I have sought often for that city since, and have never found it. During my six months in the West Indies I had seen many lovely places. But I think I should have had just as many moments of surprised delight had I stayed in London. The sight-seeing part of travel scarcely compensates for the expense of spirit that seeing them involves.

There are pictures enough for the wanderer to bear home with him. But it is not these that are the rewards of travel. It is not these that every morning make one read enviously through the list of mails and shipping; that whenever one
hears of a ship sailing make one long to sail with it. It is not for these one travels.

The charm of travel, as of most things for that matter, is, I think, something intrinsic to itself, to be pursued as that of art for its own sake. It is not so much the places you visit as the getting there, not the end but the means that matters. In the very sailing of a liner there is a thrill for which life has no equivalent.

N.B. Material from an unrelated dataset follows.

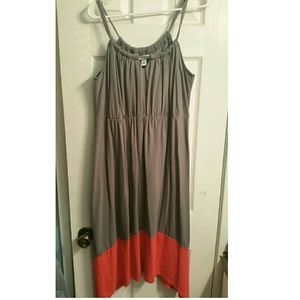 Jersey knit dress with color block accent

It is its very absence of drama that is so dramatic.

You are at a dinner-party in New York. Eleven o'clock has passed. Watches are being glanced at. “Are you coming on to the Wellingtons'?” someone asks. You shake your head. “I'm sorry,” you say, “I sail to-night.” “Really,” your hostess answers, “then you'll be able to see Miss Gathers home.” And as you drive westward in the taxi, you chatter of mutual acquaintances and the party you have come from. And it is all a little shadowy, like a blurred film. You cannot believe that it is quite real, this party and this talk of parties. It is a world that exists, that will go on existing, but that in a day's time will have ceased to exist for you. In half an hour you will be on a ship. And yet you cannot believe that you are really sailing, that at last the long-awaited adventure has begun. You had expected it to be different. You cannot even believe it when you are in your state-room, when the steward is unpacking your trunk. You look incredulously at the porthole. Is it really through that circle of glass that you are to see the swaying palm trees and the golden sands of the West Indies?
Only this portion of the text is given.